La montée en puissance de la mélancolie va de pair avec la résolution de conflits propres à l’accès à la maturité. Il ne s’agit plus ici d’interroger les hypothétiques rêves habitant l’esprit synthétique de la machine, mais de comprendre la nature de son point de vue sur une humanité tour à tour déstabilisante, prometteuse et mortifère. Au perfectionnisme supposé de l’interface robotique se substitue bien vite la faillibilité de l’émotion ou du désir qui permet au lecteur de reprendre sans cesse acte avec sa propre réalité. McEwan inverse ainsi les perspectives attendues pour composer un récit hybride et profond. La confusion des temporalités devient moyen de revenir au contemporain et de prendre conscience du point de bascule que constitue notre époque troublée.

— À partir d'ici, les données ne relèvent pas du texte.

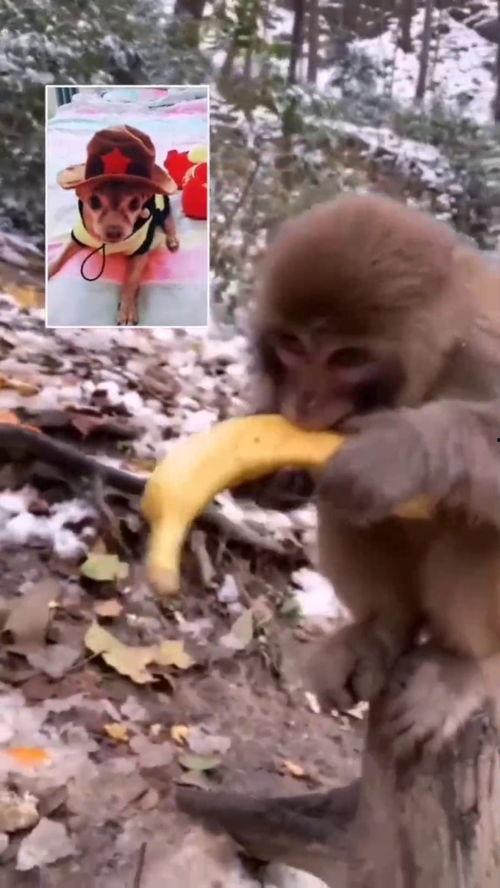 小猴子吃香蕉视频,萌态十足引网友热议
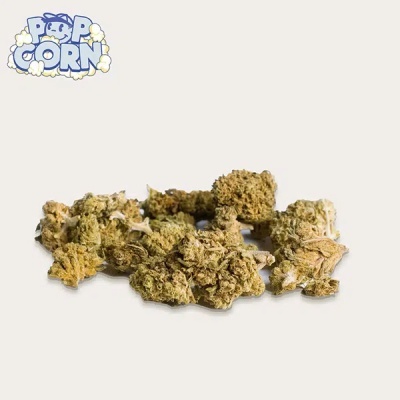 Flores secas castanhas esverdeadas com texto POP CORN azul e branco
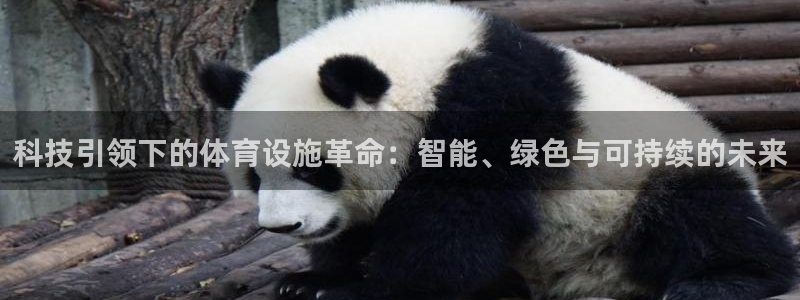意昂4代理：科技引领下的体育设施革命：智能、绿色与可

Si les peines finissent par se résorber, le talent du romancier tient à sa capacité à maintenir tout au long de son récit une tension diffuse, propice au malaise et à la remise en cause. Si déontologie il y a, celle-ci se situe entre les lignes et se propose d’abord comme un outil d’interprétation plutôt que comme une arme de dénonciation. En creusant les paradoxes de l’altérité, Une machine comme moi infuse de la chaleur dans la rigidité des circuits électroniques qui sont devenus notre décor quotidien, et dresse le portrait pertinent d’un temps pas si lointain, si proche pourtant, entre le déjà passé et le non encore advenu. Le présent en somme, ou plutôt : notre présent.

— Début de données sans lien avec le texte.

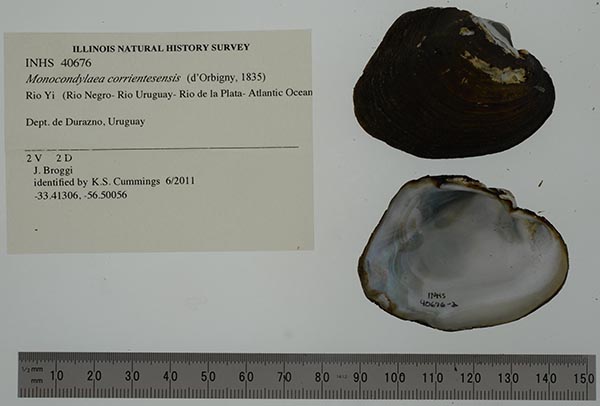 specimen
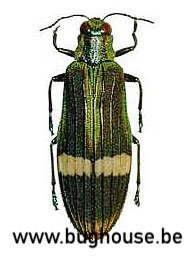Demochroa Gratiosa (Malaysia) ♂︎/♀︎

- UNE MACHINE COMME MOI (Machines like me and people like you)
- Auteur : Ian McEwan
- Traduction : France Camus-Pichon
- Éditions : Gallimard
- Collection : Du monde entier
- Date de parution : 3 janvier 2020
- Langues : Français et anglais (Jonathan Cape, 2019)
- Format : 400 pages
- Tarif : 22 € (print) – 15,99 € (numérique)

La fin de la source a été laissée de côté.